Here is the law, basically verbatim: '...cross should be hung, in a visible place, in the entrance hall of every office building as an expression of Bavaria's social and cultural identity.' It affects all ministries, police stations and courts, but is 'non-binding' on museums, opera houses and theaters. Most schools already have crosses displayed voluntarily, by the way.

It strikes me that this law (not the symbol of the cross) is, realistically, the virtual division between the two social ideals that encompass much of the western world today as we face violence, war, factionalism, hurts, anger, even the divisions which threaten to divide mainline denominations in the world of organized religion. The same valley that separates the two expressions of high schoolers: both on stage this weekend, but one 'side' speaking and singing of hope, spirituality and love, while its opposite (yin/yang?) speaks of politics and political 'solutions'. America wrestles with violence (sectarian, religious, terrorist) as Germany does, and both countries lean to conjuring up new laws and old politics to heal what can really only be healed by something much bigger and stronger than the inanity and worthlessness of political arguments, ad nauseum. As someone wiser than many of us once said, we cannot solve problems with the same brain that created those problems. The thinking that created that problem seems not capable of coming up with solution, at least not in the same old patterns we have become accustomed to, and the thinking that our young ones have a tendency to rightly reject so forcefully.

The 'new thinking' does not find answers in religious symbols hung over our government doors (or static displays in front of courthouses) which only seem to aggravate tension, a psychic poke in the eye, so to speak, well meaning, we assume, that the expression of religious symbol may be... Nor does new thinking exist in marches, or laws, or even confrontation which so often degenerates into the same 'old thinking' and recrimination, and shouting, and worse. This 'new thinking' (as expressed by the teens in Syracuse, and so many thousands of hopeful teens across the country) appears to be ages old, a millennia of understanding by young and old, historically verifiable, gained by young and old, every color and creed; that is, standing up on a stage, in front of the world, but sans media exposure, and expressing age-old truths. Faith, hope and love will stand, and withstand, all the negativity, pain and violence that the world is throwing at us, and at our youth.
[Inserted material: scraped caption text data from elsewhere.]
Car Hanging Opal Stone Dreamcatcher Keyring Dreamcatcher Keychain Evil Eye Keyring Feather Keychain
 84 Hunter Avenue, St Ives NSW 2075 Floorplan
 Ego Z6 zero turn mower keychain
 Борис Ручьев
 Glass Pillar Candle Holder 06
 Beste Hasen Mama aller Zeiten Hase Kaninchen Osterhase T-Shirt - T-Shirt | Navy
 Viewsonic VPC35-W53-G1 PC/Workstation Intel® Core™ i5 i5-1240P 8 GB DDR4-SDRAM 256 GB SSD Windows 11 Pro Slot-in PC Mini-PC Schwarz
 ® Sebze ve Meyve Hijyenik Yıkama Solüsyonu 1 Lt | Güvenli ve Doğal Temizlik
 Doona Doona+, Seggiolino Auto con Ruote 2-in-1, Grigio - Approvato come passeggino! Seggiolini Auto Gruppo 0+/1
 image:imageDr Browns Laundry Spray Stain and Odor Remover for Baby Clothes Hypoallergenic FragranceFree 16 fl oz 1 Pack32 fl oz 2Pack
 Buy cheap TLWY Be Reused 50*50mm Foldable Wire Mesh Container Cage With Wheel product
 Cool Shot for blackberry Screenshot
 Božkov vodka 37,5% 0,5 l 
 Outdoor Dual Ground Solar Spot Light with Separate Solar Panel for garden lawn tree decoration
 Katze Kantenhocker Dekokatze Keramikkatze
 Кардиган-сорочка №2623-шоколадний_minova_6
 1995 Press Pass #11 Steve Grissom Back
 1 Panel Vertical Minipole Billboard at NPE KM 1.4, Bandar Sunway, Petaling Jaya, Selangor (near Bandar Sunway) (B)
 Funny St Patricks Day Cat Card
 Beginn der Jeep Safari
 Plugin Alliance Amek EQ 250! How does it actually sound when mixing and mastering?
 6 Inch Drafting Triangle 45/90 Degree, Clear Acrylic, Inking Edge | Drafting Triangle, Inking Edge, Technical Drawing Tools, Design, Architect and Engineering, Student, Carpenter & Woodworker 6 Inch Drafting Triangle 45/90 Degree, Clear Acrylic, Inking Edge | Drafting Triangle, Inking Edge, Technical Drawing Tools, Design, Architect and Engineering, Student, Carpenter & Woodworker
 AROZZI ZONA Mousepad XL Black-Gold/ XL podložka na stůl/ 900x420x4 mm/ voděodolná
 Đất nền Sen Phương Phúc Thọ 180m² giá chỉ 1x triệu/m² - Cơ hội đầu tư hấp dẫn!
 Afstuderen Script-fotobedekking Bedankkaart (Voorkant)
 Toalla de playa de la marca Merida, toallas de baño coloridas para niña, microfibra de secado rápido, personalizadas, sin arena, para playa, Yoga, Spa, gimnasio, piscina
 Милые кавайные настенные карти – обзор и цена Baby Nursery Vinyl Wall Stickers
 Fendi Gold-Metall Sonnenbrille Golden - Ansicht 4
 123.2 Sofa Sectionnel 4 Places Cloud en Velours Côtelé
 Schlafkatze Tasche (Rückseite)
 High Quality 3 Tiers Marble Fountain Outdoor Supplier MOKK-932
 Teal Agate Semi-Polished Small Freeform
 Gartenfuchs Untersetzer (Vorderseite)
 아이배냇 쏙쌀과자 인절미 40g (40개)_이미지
These young people on stage at the Methodist conference were not talking religion, per se, for religion is not really their message. These young people put spirituality and love at the top of their 'bucket list', and prove to us, as Wayne Dyer put it (rest his soul) "There is a spiritual solution to every problem". Not in specific religions (for religions are also divided by the same old laborious and tortured thinking and feelings, potential schisms and divisions), not in laws or court decisions, but personal, deeply felt decisions based on a faith, a hope, and a love that transcends all of those things which divide us... those kids on stage exemplified this. Listening to our hearts about truths that we know, in our hearts, to be true, and that transcend much of the distrust which threaten us, and the young people on stages and in classrooms around our world. I realized I had to choose between hope and despair that morning. I went with the kids on stage in Syracuse: I chose hope, as they did, and do.